简体   繁体   English

Naudio 生成的音频波形与某些 .wav 文件和 .m4a 文件的声音不匹配

[英]Naudio generated audio wave form doesn't match the sound for some .wav file and .m4a file

I tried to develop a tool for subtitling of audio and use Naudio to generate wave form for user to identify the sound, each audio is around 1 hour and I find for some audio the wave from doesn't match sound from the middle of audio.我尝试开发一个用于音频字幕的工具,并使用 Naudio 生成波形供用户识别声音,每个音频大约 1 小时,我发现某些音频的波形与音频中间的声音不匹配。

Here is the code这是代码

public static class WaveFormRendererTool
    {
        public static void draw(int width, string filename)
        {
            string imagepath = filename+".png";
            var maxPeakProvider = new MaxPeakProvider();
            var rmsPeakProvider = new RmsPeakProvider(200); // e.g. 200
            var samplingPeakProvider = new SamplingPeakProvider(200); // e.g. 200
            var averagePeakProvider = new AveragePeakProvider(4); // e.g. 4

            SolidBrush brush = new SolidBrush(Color.Green);

            var myRendererSettings = new StandardWaveFormRendererSettings();
            //var myRendererSettings = new SoundCloudBlockWaveFormSettings(Color.Red,Color.Green,Color.Yellow,Color.Blue);
            myRendererSettings.Width = width;
            myRendererSettings.TopHeight = 75;
            myRendererSettings.BottomHeight = 75;
            myRendererSettings.BackgroundColor = Color.White;
            myRendererSettings.PixelsPerPeak = 1;
            myRendererSettings.TopPeakPen = new Pen(brush);
            myRendererSettings.BottomPeakPen = new Pen(brush);
            myRendererSettings.TopSpacerPen = new Pen(brush);
            



            
            var renderer = new WaveFormRenderer();
            var audioFilePath = filename;
            var image = renderer.Render(audioFilePath, averagePeakProvider, myRendererSettings);
           /* if (File.Exists(imagepath)) {
                File.Delete(imagepath);
            }*/
            image.Save(imagepath, ImageFormat.Png);
            renderer=null;
        }

the wave form is flat but already speak波形是平坦的,但已经说话了

Here are code for width:这是宽度的代码:


                MediaFoundationReader wf = new MediaFoundationReader(file.FullName);
                audioLength = wf.TotalTime.TotalSeconds;
                int width = Convert.ToInt32(wf.TotalTime.TotalSeconds*10);
                
                canvas.Width = width * canstf.ScaleX;
                canvaswidth = canvas.Width;
                canvas.Height = 150;
                img.Width = width;
                //img.Height = 100;
                //img.Height = 100

                img.Source = null;
                WaveFormRendererTool.draw(width, file.FullName);
                img.Source = ImageRotation.LoadImageFile(file.FullName + ".png");
                scroller1.ScrollToHorizontalOffset(0);
                initialCanvas(width);

Without having access to your specific source file we can't reproduce your problem, especially since I have no idea what value width has, so this is going to be a bit of guesswork.如果无法访问您的特定源文件,我们就无法重现您的问题,尤其是因为我不知道width有什么值,所以这将是一些猜测。 Depending on the audio file, and assuming you're using Mark's NAudio.WaveFormRenderer code, this could be entirely accurate.根据音频文件,并假设您使用 Mark 的NAudio.WaveFormRenderer代码,这可能是完全准确的。

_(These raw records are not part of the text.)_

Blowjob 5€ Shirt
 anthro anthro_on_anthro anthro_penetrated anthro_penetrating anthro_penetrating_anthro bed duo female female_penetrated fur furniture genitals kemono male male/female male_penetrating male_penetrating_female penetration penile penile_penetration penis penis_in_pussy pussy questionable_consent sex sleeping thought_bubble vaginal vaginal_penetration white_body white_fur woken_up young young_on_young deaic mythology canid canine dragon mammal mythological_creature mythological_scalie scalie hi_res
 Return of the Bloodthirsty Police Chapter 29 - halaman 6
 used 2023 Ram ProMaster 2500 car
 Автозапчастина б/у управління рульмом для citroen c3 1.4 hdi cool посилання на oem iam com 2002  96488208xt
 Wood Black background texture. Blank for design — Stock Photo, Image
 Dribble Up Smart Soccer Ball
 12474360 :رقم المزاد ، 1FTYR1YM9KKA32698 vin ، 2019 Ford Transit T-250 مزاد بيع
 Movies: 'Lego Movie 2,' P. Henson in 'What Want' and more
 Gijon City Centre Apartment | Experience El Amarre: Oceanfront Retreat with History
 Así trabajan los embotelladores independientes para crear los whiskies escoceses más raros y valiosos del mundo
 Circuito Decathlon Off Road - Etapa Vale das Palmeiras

To be honest though, from the code and the stretched out image, I'm not certain that you've got the image synched up correctly with the timestamp.老实说,从代码和拉伸的图像来看,我不确定您是否已将图像与时间戳正确同步。 If you're getting similar results with the 4 different PeakProvider variants you're initializing then it's almost certain that you've got something wrong in your scaling.如果您在初始化的 4 个不同的PeakProvider变体中得到类似的结果,那么几乎可以肯定您的缩放有问题。

Unfortunately you haven't provided the actual display code, so I can't point out where the error might be.不幸的是,您没有提供实际的显示代码,所以我无法指出错误可能在哪里。 You need to go back and cross-check the code that maps time onto the width of the rendered waveform image.您需要返回并交叉检查将时间映射到渲染波形图像宽度的代码。


I played with the file over the weekend and I'm reasonably certain that the main problem is a disconnect between your calculations and the ones done by the WaveFormRenderer class, and that's leading to drift over large time periods.我在周末玩了这个文件,我有理由确定主要问题是您的计算与WaveFormRenderer类完成的计算之间存在脱节,这导致了长时间的漂移。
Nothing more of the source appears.